Rezam as lendas, acompanhadas por alguns factos clínicos, que um dos sintomas frequentes da hipotermia é o adormecimento. Como se o frio servido em excesso fosse desligando um por um todos os nossos interruptores até que a morte avance lenta e inexorável para nos libertar. Acredito que seja verdade se bem que este frio Bracarense é tórrido e não glacial.
Bastou pôr os pés fora da estação. Bastou inspirar fundo. Bastou fechar os olhos. Estou de volta a um local de onde nunca verdadeiramente saí, mas tive a sorte de me afastar. Assim todos os reencontros são mágicos e toda a ausência quase insuportável. Faz parte da condição humana valorizar o que se perdeu, o que fugiu, o que não se tentou conquistar.

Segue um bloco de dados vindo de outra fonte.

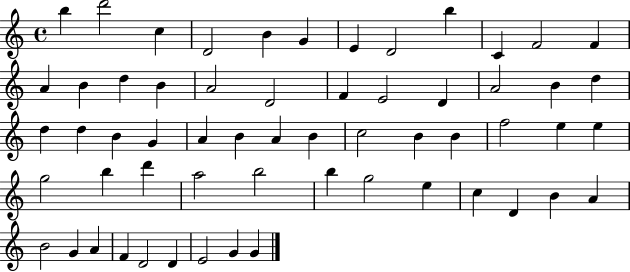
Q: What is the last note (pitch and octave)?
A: G4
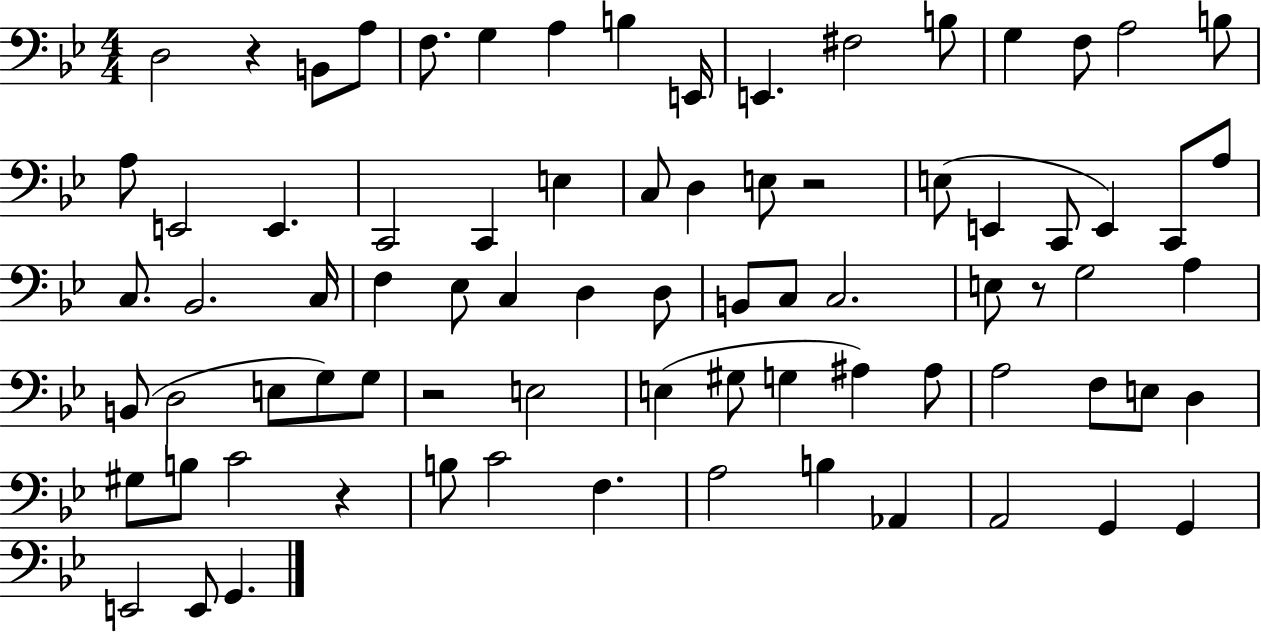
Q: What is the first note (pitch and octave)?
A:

9h30. Depois de um banho debaixo de um chuveiro a expelir água à temperatura do magma, estou pronto. Estou em Nogueira, tenho o centro de Braga numa direcção e a casa do Miguel em Escudeiros, na direcção oposta. Sigo para Escudeiros. São uns 8 ou 9 km que não me incomodam nada. O frio já nem sequer merece o estatuto de incógnita nesta equação.
Andar a pé por estes lados é como embarcar numa viagem ao passado. Andei, corri e palmilhei todas as estradinhas deste concelho, e mais do que muitas vezes. Há mais uma estrada aqui, mais um viaduto acolá, mas o essencial mantém-se imutável. Esta terra continua cheia de Minhotos, abençoados sejam. Pela sua simpatia, pela forma como sorriem e cumprimentam quem não conhecem, nem querem conhecer. Abençoados sejam pelos sorrisos que são tão quentes como o frio que os cerca, abençoados sejam por conseguirem manter as casas sempre abertas para o próximo e o distante. Abençoados sejam pelo seu sotaque maravilhoso que devia ser património da Humanidade.

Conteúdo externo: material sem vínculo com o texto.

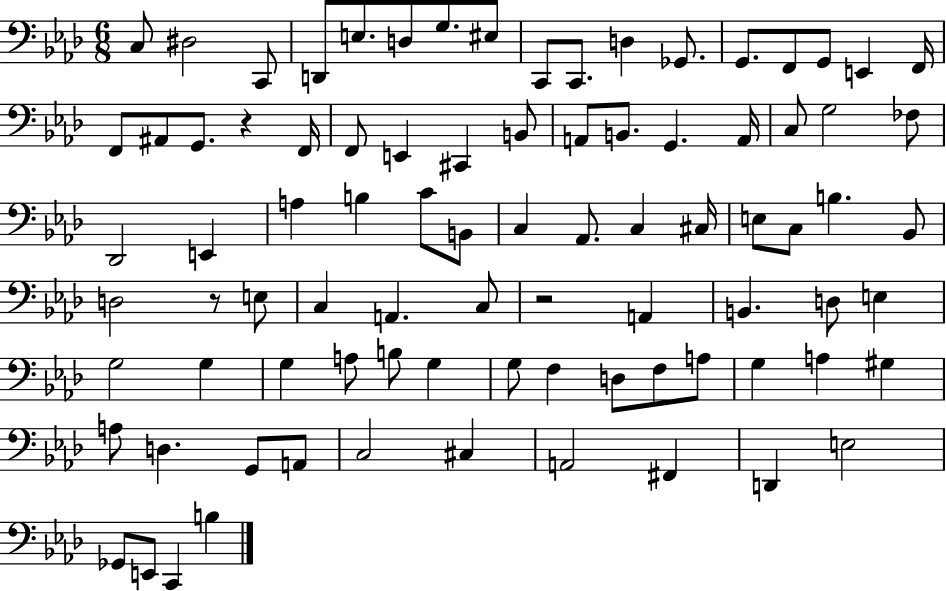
C3/e D#3/h C2/e D2/e E3/e. D3/e G3/e. EIS3/e C2/e C2/e. D3/q Gb2/e. G2/e. F2/e G2/e E2/q F2/s F2/e A#2/e G2/e. R/q F2/s F2/e E2/q C#2/q B2/e A2/e B2/e. G2/q. A2/s C3/e G3/h FES3/e Db2/h E2/q A3/q B3/q C4/e B2/e C3/q Ab2/e. C3/q C#3/s E3/e C3/e B3/q. Bb2/e D3/h R/e E3/e C3/q A2/q. C3/e R/h A2/q B2/q. D3/e E3/q G3/h G3/q G3/q A3/e B3/e G3/q G3/e F3/q D3/e F3/e A3/e G3/q A3/q G#3/q A3/e D3/q. G2/e A2/e C3/h C#3/q A2/h F#2/q D2/q E3/h Gb2/e E2/e C2/q B3/q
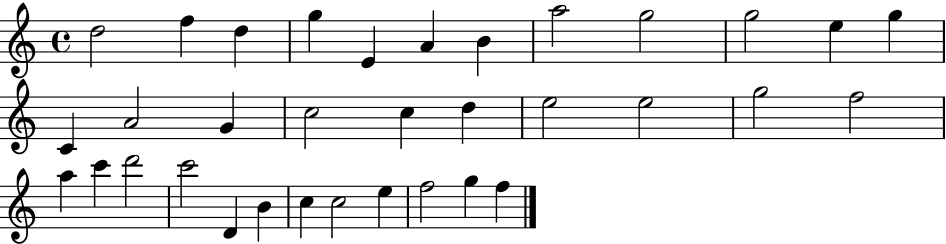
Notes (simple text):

D5/h F5/q D5/q G5/q E4/q A4/q B4/q A5/h G5/h G5/h E5/q G5/q C4/q A4/h G4/q C5/h C5/q D5/q E5/h E5/h G5/h F5/h A5/q C6/q D6/h C6/h D4/q B4/q C5/q C5/h E5/q F5/h G5/q F5/q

Vir a Braga no inverno é ter uma aula prática de como o calor humano é sempre mais forte do que o frio atmosférico. Vir a Braga no inverno é inverter a vasoconstrição que nos arroxeia a pele à custa da dilatação do coração que às vezes parece querer rebentar quando se encontra um rosto conhecido, um local onde se foi feliz, uma pedra onde se sentou, riu, chorou ou viveu. Esta cidade está inundada de memórias que vão de menos infinito a mais infinito. Esta cidade onde passei mais do que sei explicar mas muito menos do que ainda quero viver.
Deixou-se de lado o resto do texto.